Provided data:
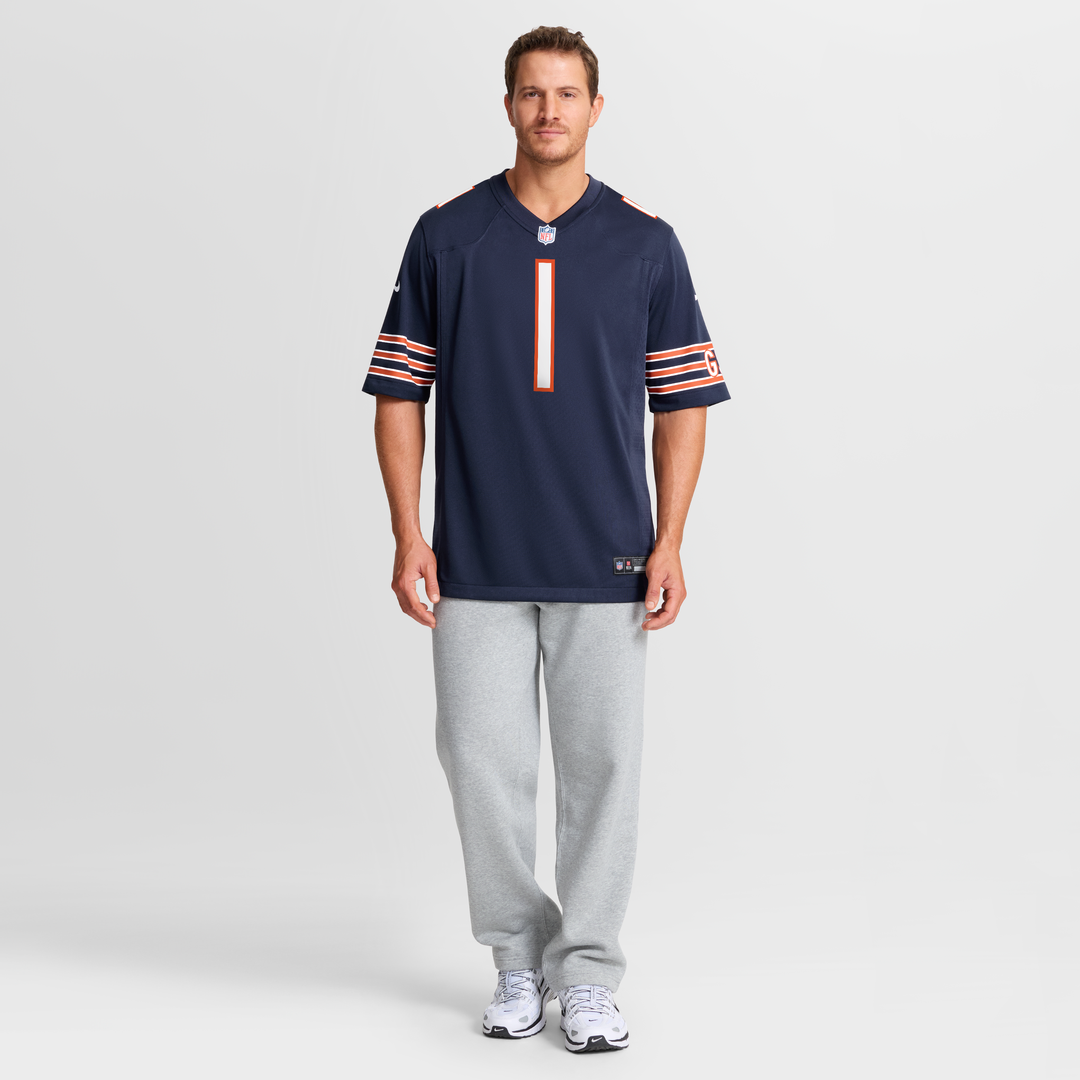 Men's Chicago Bears Number 1 Groom Nike Navy Game Jersey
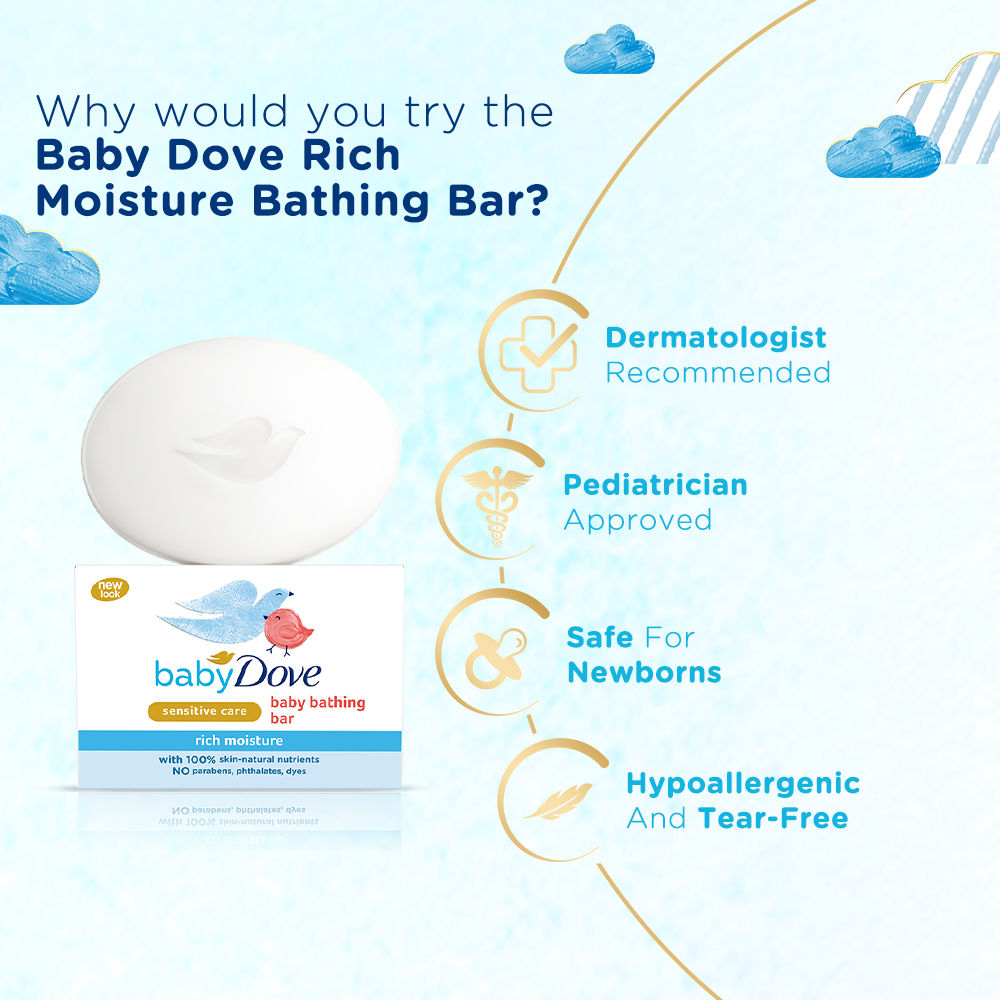 Baby Dove Rich Moisture Bathing Bar (Pack of 3), 225g Buy at Indicrest Image 8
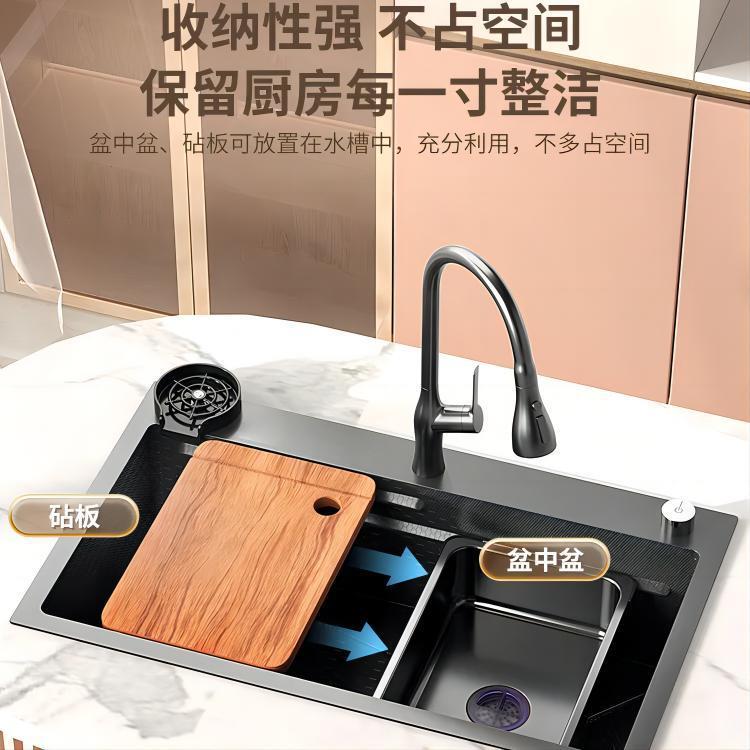 纳米304不锈钢水槽洗菜盆大单槽台下盆厨房耐刮水池嵌入式洗碗槽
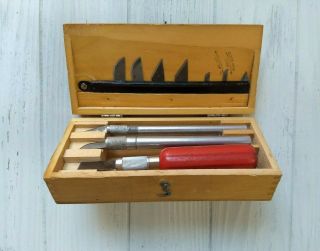Vintage X - Acto Knife Chisel Set In Dovetail Wooden Box Wood Carving Sculpting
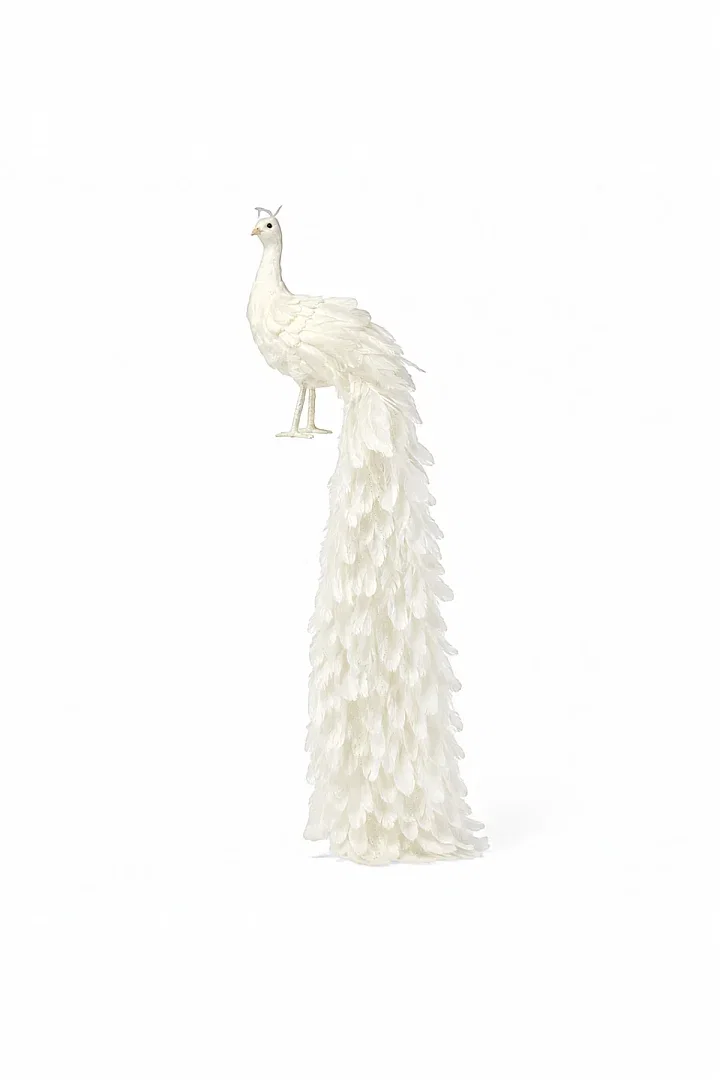 Yılbaşı Dekoru Beyaz Tavus Kuşu 150 cm - 7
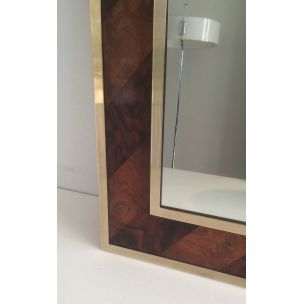 Französischer Vintage-Spiegel aus Holz und Messing, 1960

Work required: Skip every picture and retype only the lines from the line with "Baby Dove Rich" through the last line of the listing, both ends included, exactly as they appear.

Answer to this task:
 Baby Dove Rich Moisture Bathing Bar (Pack of 3), 225g Buy at Indicrest Image 8
 纳米304不锈钢水槽洗菜盆大单槽台下盆厨房耐刮水池嵌入式洗碗槽
Vintage X - Acto Knife Chisel Set In Dovetail Wooden Box Wood Carving Sculpting
 Yılbaşı Dekoru Beyaz Tavus Kuşu 150 cm - 7
 Französischer Vintage-Spiegel aus Holz und Messing, 1960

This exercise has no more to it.